Would you give the entries again word for word, with no pictures in the copy?
---------------
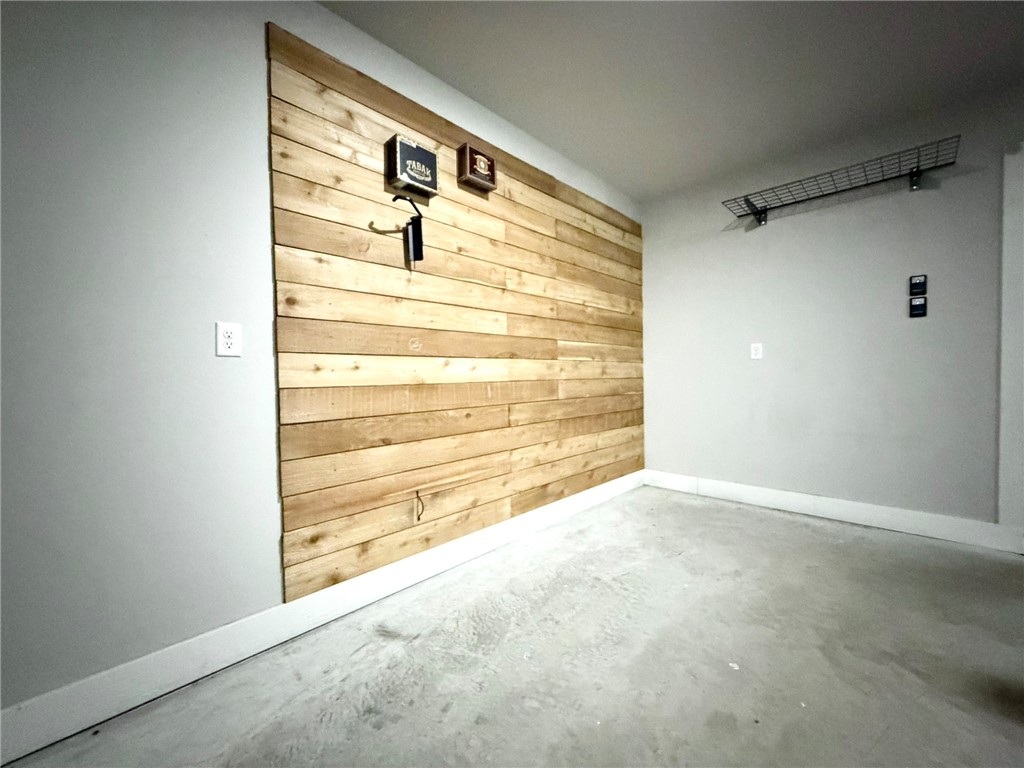 Creekside - Residential Lease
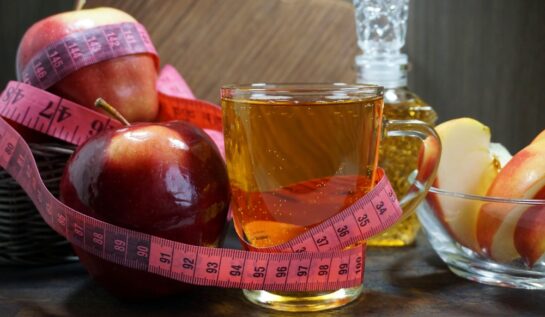 Ce se întâmplă în organismul tău atunci când consumi oțet de mere înainte de masă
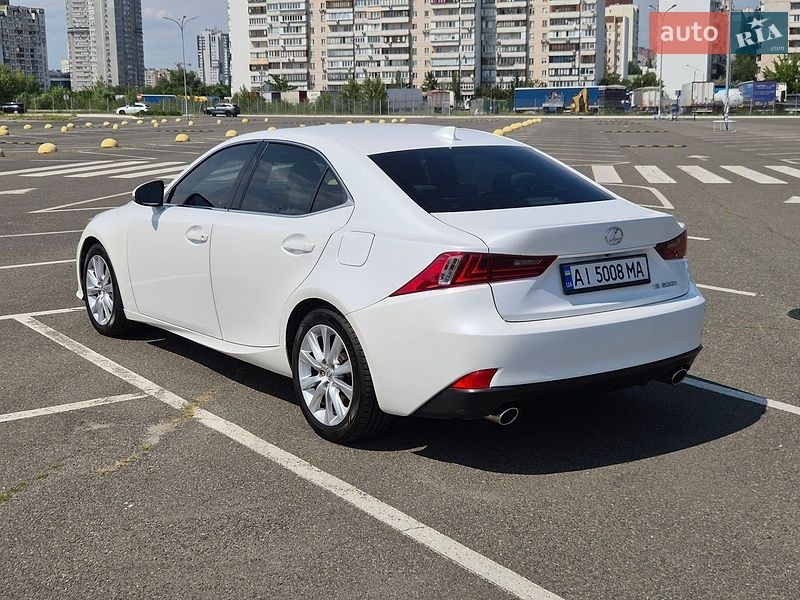 Седан Lexus IS 2015 в Києві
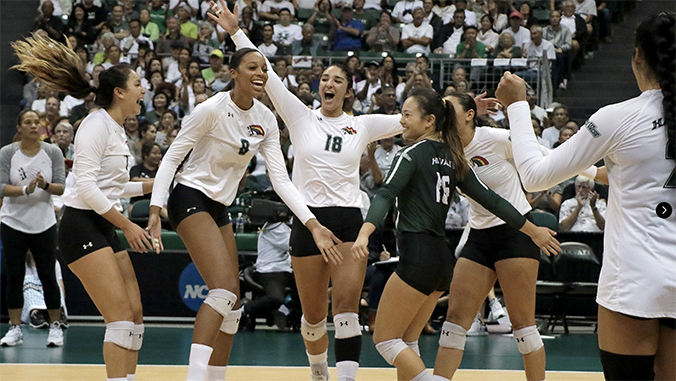UH Womens Volleyball Rolls Past Cal State Fullerton, 3-0 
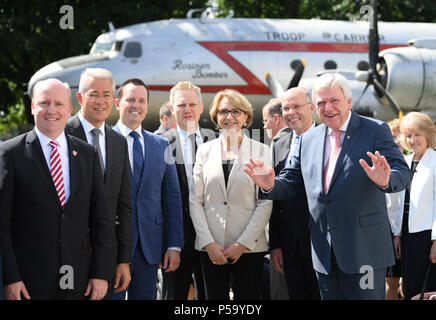 Frankfurt am Main, Deutschland. 26 Juni, 2018. Stadtrat Uwe Becker (CDU, L-R), Dr. Stefan Schulte, Vorstandsvorsitzender der Fraport AG, Richard Grenell, amerikanischer Botschafter in Deutschland, Robbie Bulloch, stellvertretender Botschafter in Großbritannien, Anne-Marie Descotes, Botschafter von Frankreich, Mitglied des Parlaments, Peter Beyer (CDU) und Volker Bouffier (CDU), Premiere in Hessen, während das 70. Jubiläum der Berliner Luftbrücke in der Gedenkstätte am Frankfurter Flughafen. Stockfoto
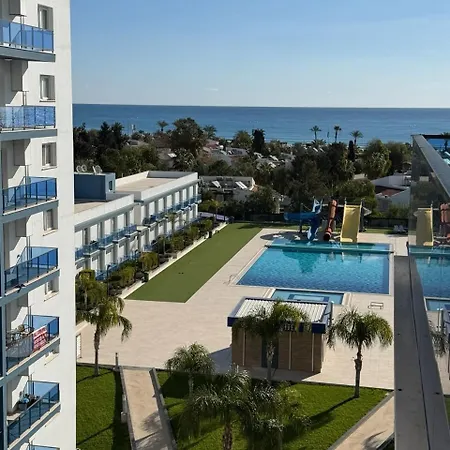 Apart-hotel Royal Life Poseidon Residences Long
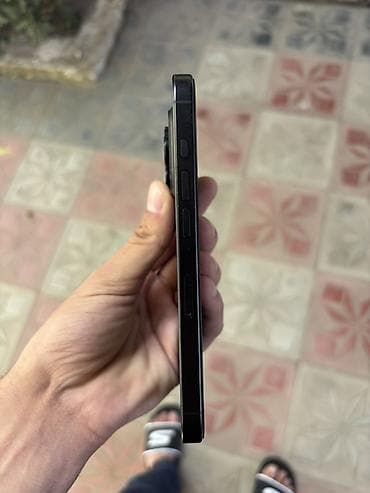 philips xenium 9@9d: IPhone 16 Pro, 128 GB, Black Titanium, Face ID — 4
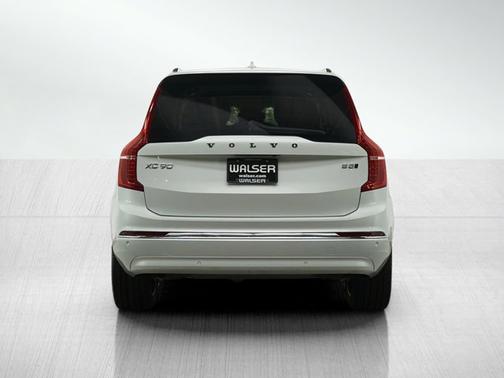 2023 Volvo XC90 Plus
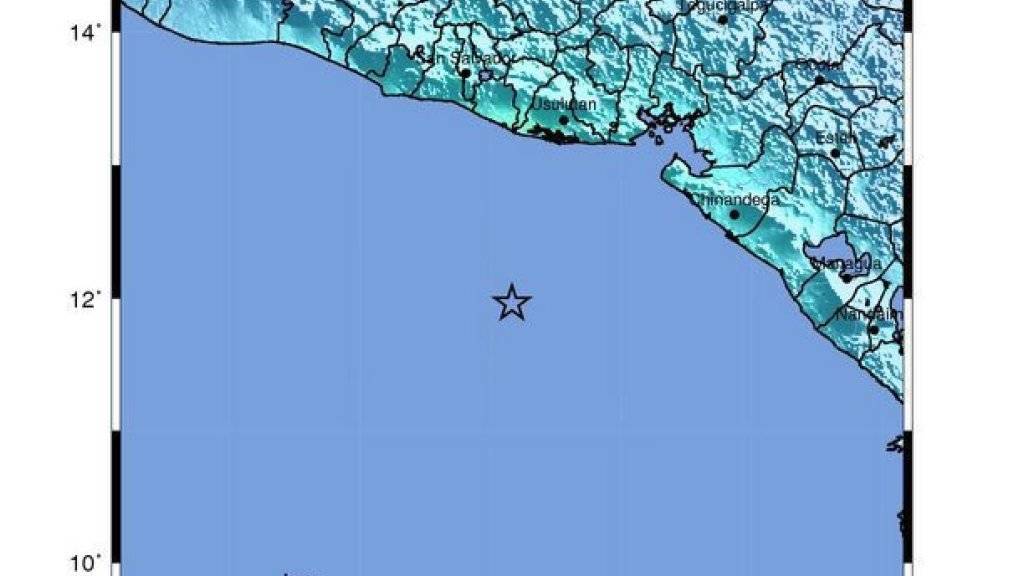 Das Zentrum des Bebens der Stärke 7,0 lag rund 150 Kilometer vor der Küste von El Salvador in zehn Kilometer Tiefe im Pazifik.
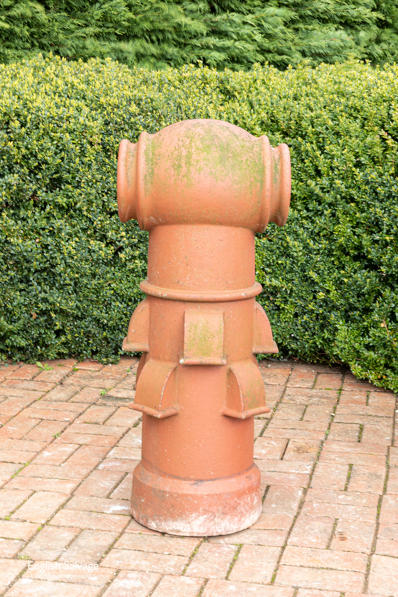 Large Edwardian vented chimney pot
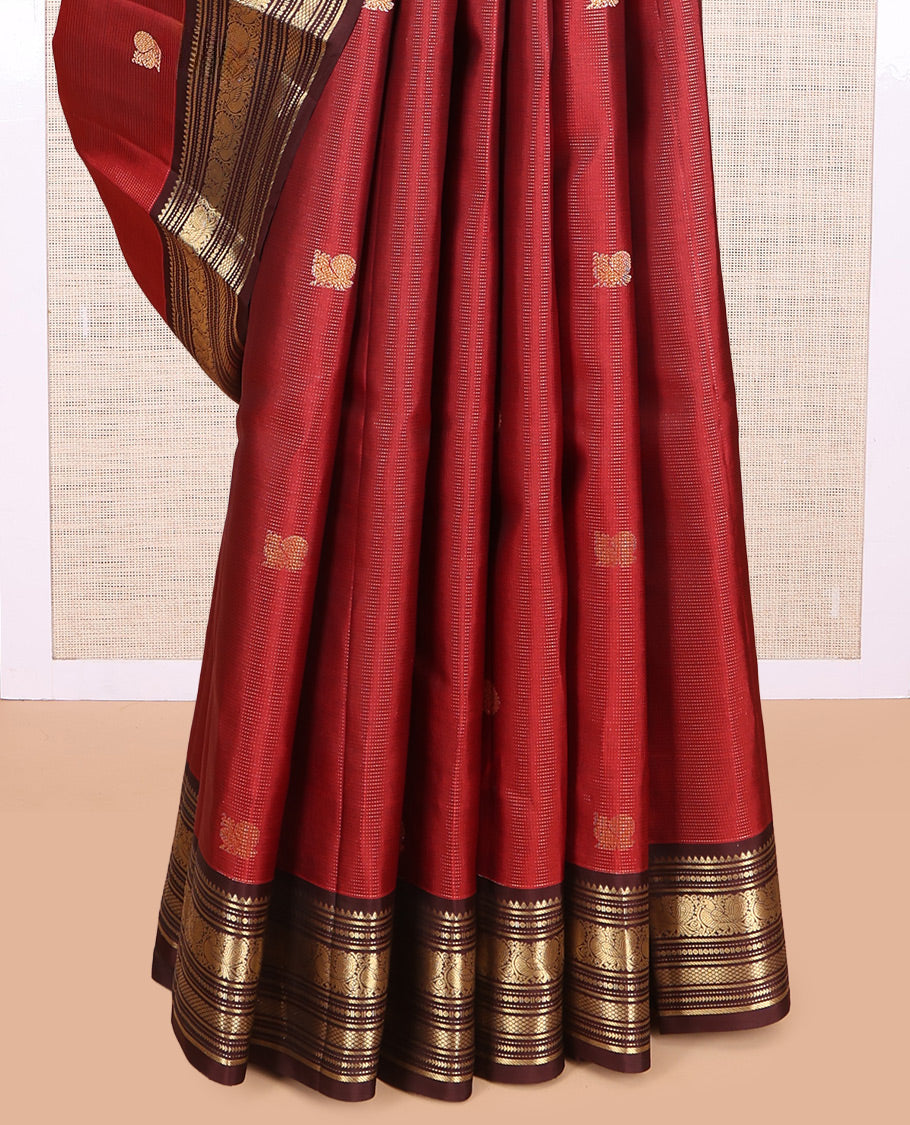 Crimson Red Vasundhara Silk Saree Featuring Vaira Oosi, and Annam Chakram Buttas, Complemented by a Contrast Border of Thilakam, Banaras, Mayil, Mayil Kann, Ara Bogudi, Muthu, and Banaras Designs, Grandly Woven Pallu, and a Contrast Blouse
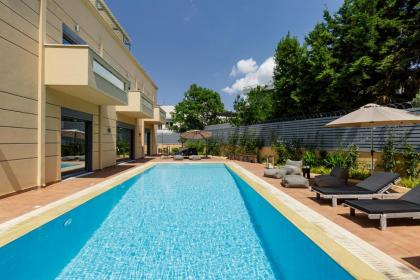 Faros Villa Sleeps 12 with Pool and Air Con - image 3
---------------
**Your solution**:
 Creekside - Residential Lease
 Ce se întâmplă în organismul tău atunci când consumi oțet de mere înainte de masă
 Седан Lexus IS 2015 в Києві
UH Womens Volleyball Rolls Past Cal State Fullerton, 3-0 
 Frankfurt am Main, Deutschland. 26 Juni, 2018. Stadtrat Uwe Becker (CDU, L-R), Dr. Stefan Schulte, Vorstandsvorsitzender der Fraport AG, Richard Grenell, amerikanischer Botschafter in Deutschland, Robbie Bulloch, stellvertretender Botschafter in Großbritannien, Anne-Marie Descotes, Botschafter von Frankreich, Mitglied des Parlaments, Peter Beyer (CDU) und Volker Bouffier (CDU), Premiere in Hessen, während das 70. Jubiläum der Berliner Luftbrücke in der Gedenkstätte am Frankfurter Flughafen. Stockfoto
 Apart-hotel Royal Life Poseidon Residences Long
 philips xenium 9@9d: IPhone 16 Pro, 128 GB, Black Titanium, Face ID — 4
 2023 Volvo XC90 Plus
 Das Zentrum des Bebens der Stärke 7,0 lag rund 150 Kilometer vor der Küste von El Salvador in zehn Kilometer Tiefe im Pazifik.
 Large Edwardian vented chimney pot
 Crimson Red Vasundhara Silk Saree Featuring Vaira Oosi, and Annam Chakram Buttas, Complemented by a Contrast Border of Thilakam, Banaras, Mayil, Mayil Kann, Ara Bogudi, Muthu, and Banaras Designs, Grandly Woven Pallu, and a Contrast Blouse
 Faros Villa Sleeps 12 with Pool and Air Con - image 3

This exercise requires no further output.